Showing posts with label US the biggest market for Chinese goods. Show all posts
Showing posts with label US the biggest market for Chinese goods. Show all posts

Thursday, 7 May 2026

Significance of Upcoming Trump-Xi Summit

Since former US President Richard Nixon landed in Beijing in 1972 and redefined US-China relations, no countries have done as well as these two. Since then the US has generated more than US$23 trillion in additional GDP, while China lifted 800 million people out of extreme poverty, accounting for three-quarters of all global poverty reduction in the period. 

In 1990, China accounted for just 1.6% of global GDP; today it accounts for nearly 18%, meaning the two together now represent 44% of the world economy, up from 28% when globalization began in earnest.

A dollar invested in the S&P 500 the year Nixon landed in Beijing is worth over US$270 today. China, which had negligible industrial capacity in 1972, now produces more manufactured goods than the next nine countries combined.

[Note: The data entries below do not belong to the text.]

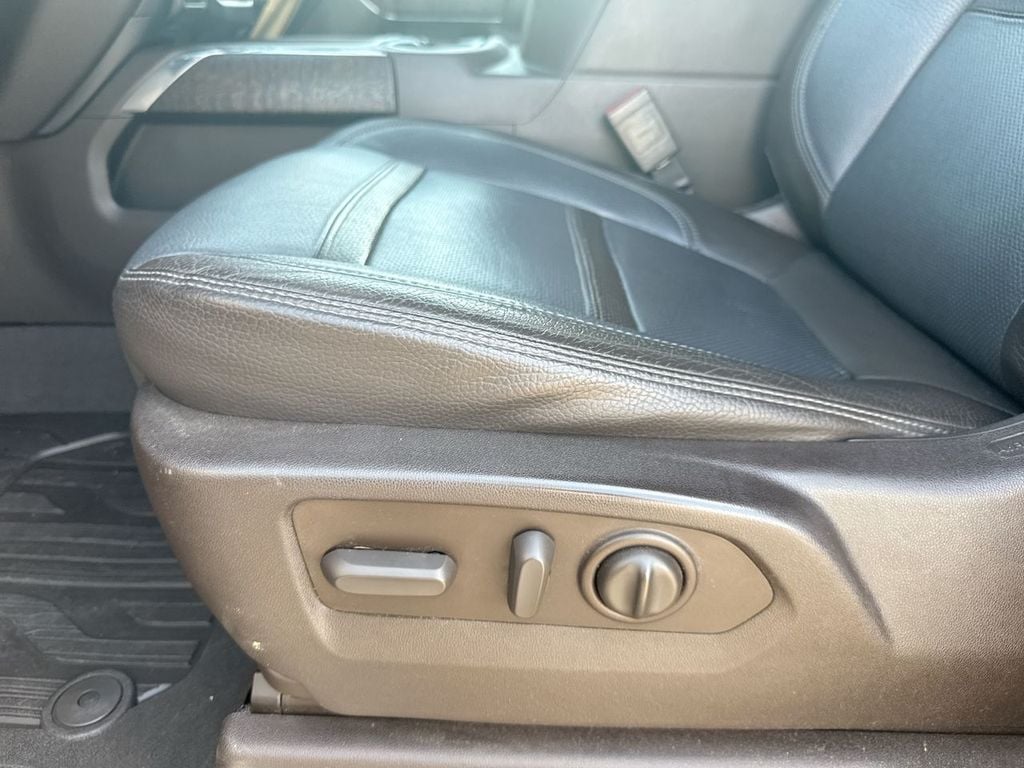 Pre-Owned 2019 GMC Sierra 1500 Denali - photo - 13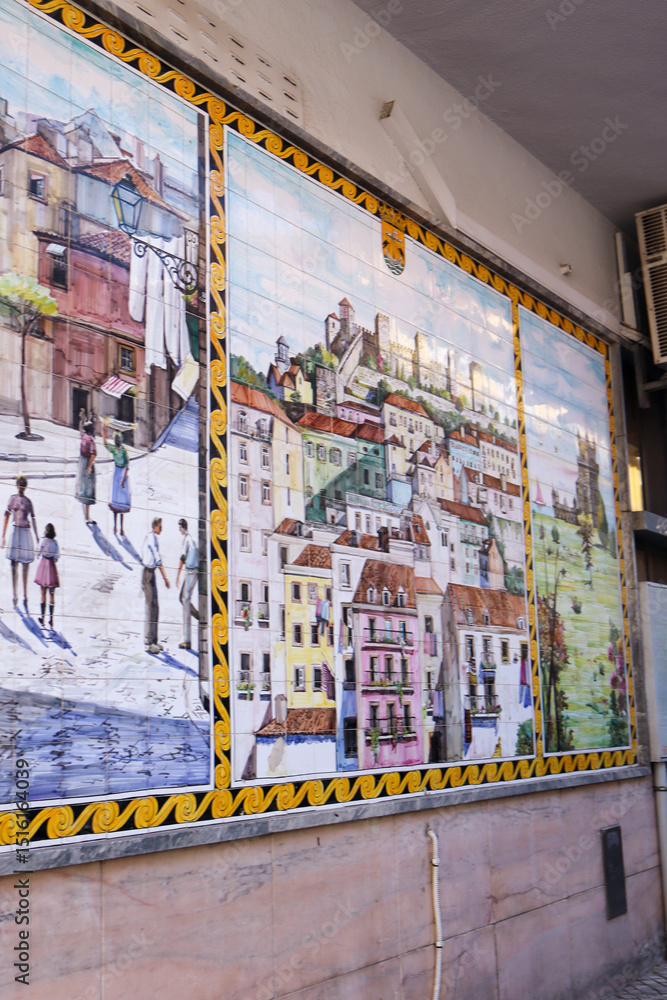 Fototapeta premium Charming Lisbon streets lined with colourful buildings, tiled facades, and steep hills create a vibrant, sunlit cityscape filled with culture, colour, and historic charm.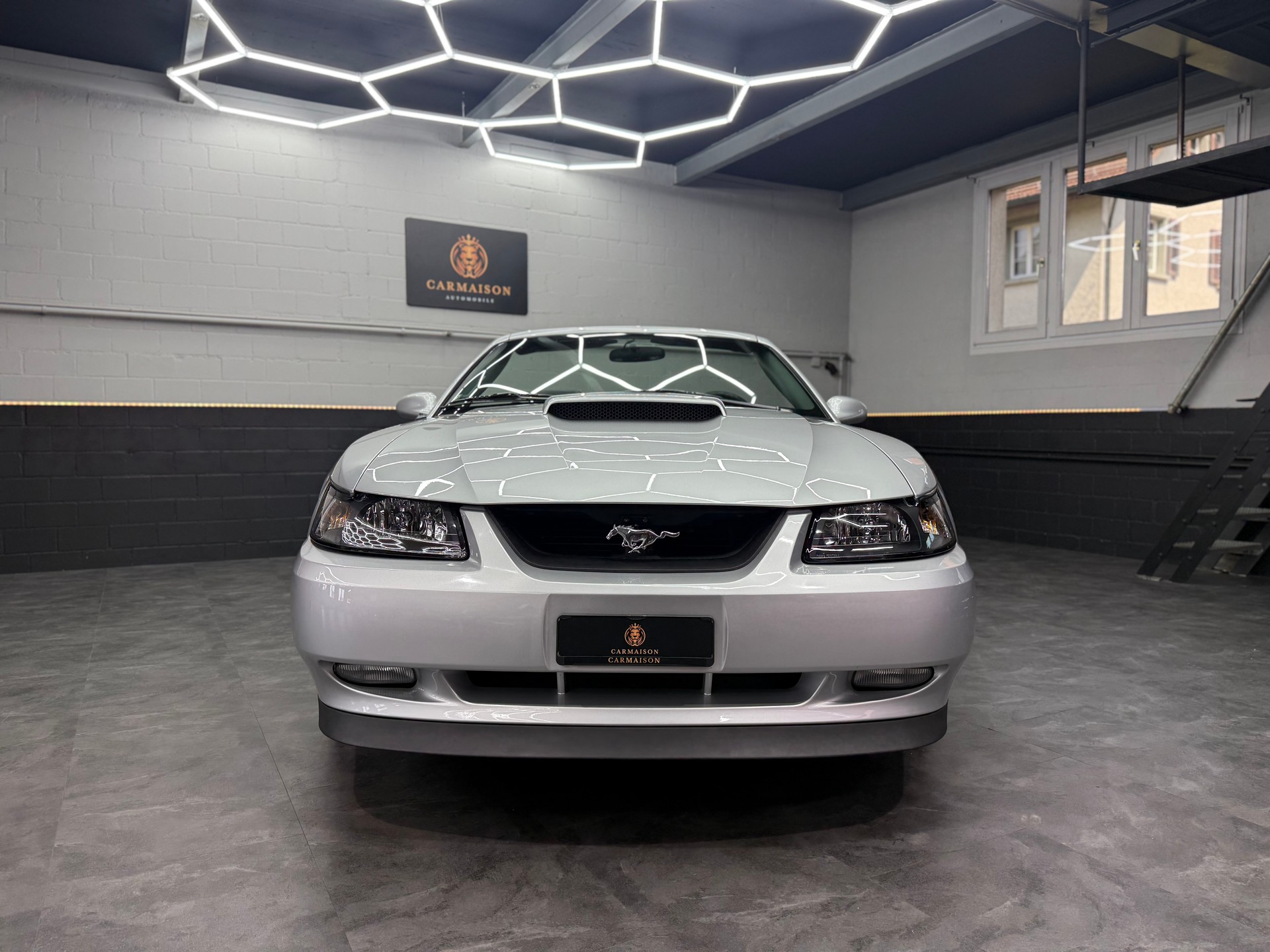 FORD Mustang GT Convertibl-showroom-element-1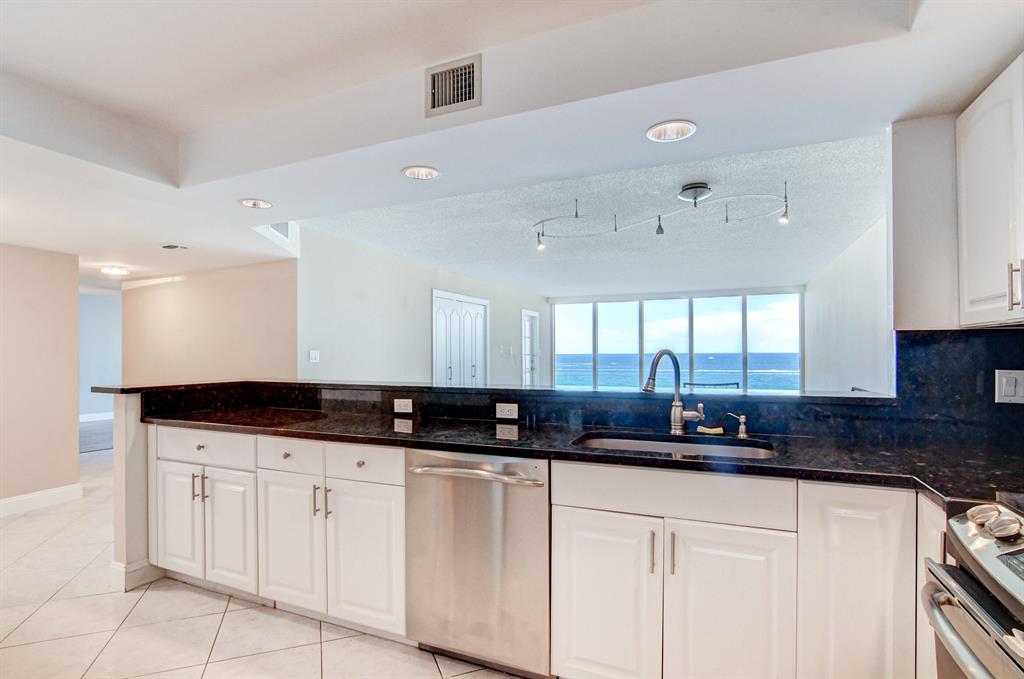 THREE THOUSAND CONDO - Residential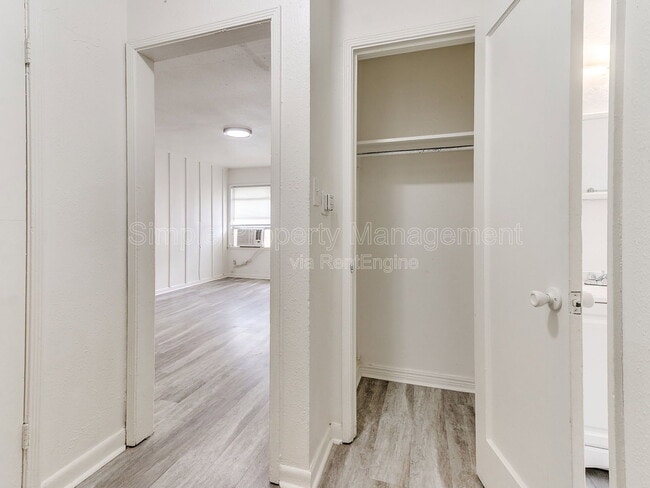 Building Photo - 538 E Indian Dr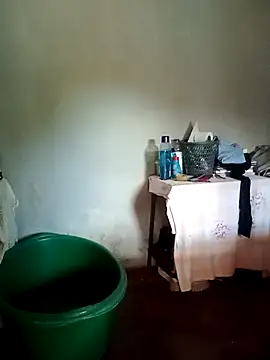 Roronae online show from April 4, 2026, 8:54 am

This is not to say that the fruits of globalization were enjoyed equally within either economy. The CCP’s cultural genocide of the Uighurs and the slow-motion death of the US industrial heartland are the receipts: ruthless consolidation in China, hollowed-out communities, and rising inequality in America. But this was the deal both sides made.

The US told itself fairy tales about economic liberalization leading to a more democratic China; in fact, both populations simply got significantly richer than the rest of the world. And to quote the bard, therein lies the rub—in a US-China trade war, neither can win against the other. 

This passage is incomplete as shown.